I'm not really sure what happened with the shrimp - J cooked both the shrimp and the steak on the grill, and normally he's flawless with that, but the shrimp were in a pouch rather than directly on the grill grates, so I think it may just have been an issue of visibility. They DID taste good, lightly seasoned with kosher salt, black pepper, and lemon, but I just couldn't get around the texture. Not a big deal though, because we've turned out enough perfectly cooked shrimp that I'm willing to call this one a fluke, an error in judgement, and just pretend it never happened. Next time will be better.

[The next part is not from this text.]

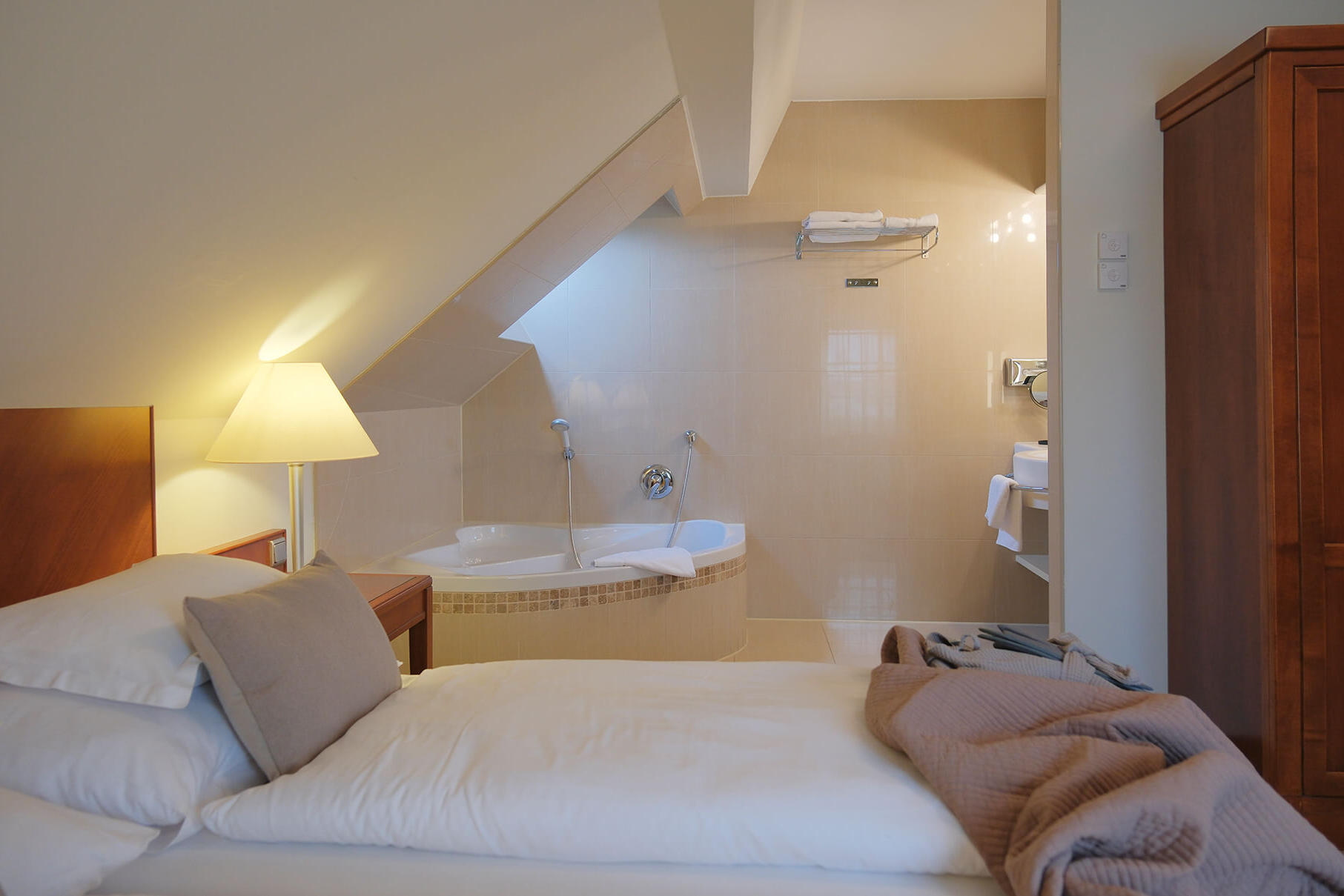 Gemütliches Doppelzimmer mit Dachschräge, großem Bett und warmer Beleuchtung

However, check out that broccoli up there. THAT was tasty. Broccoli is just about my favorite vegetable in the whole world (I was one of those weird kids who actually got excited when my mom made it with dinner) and I've been cooking it for as long as I've been cooking, basically, so I've pretty much got perfectly cooked just-tender broccoli down pat (although I do still screw it up sometimes). I switch up the flavors depending on the meal its accompanying, but my method is simply to melt equal parts butter and olive oil in a pan over low heat so that the fats in the butter don't burn before it melts completely, then crank it up to medium-high and toss in a whole mess of fresh broccoli florets. (and the stems sliced-up, if I'm feeling frugal and don't want to waste them. Last night was one of those nights.) Then I'll add whatever seasonings I happen to be using - last night was garlic and onion powder, soy sauce, black pepper, and a few grinds of the same dry porcini used on the steak (and yes, I do occasionally use garlic and onion powder instead of fresh when I don't feel like chasing bits of garlic and onion around my plate. Again, last night was one of those nights.) - and basically stir-fry the broccoli until its nice and green and slightly browned around the edges, and is tender but still just a bit crisp in the very middle of the stalks. Mushy broccoli is not something anyone likes. Or at least, I certainly hope not.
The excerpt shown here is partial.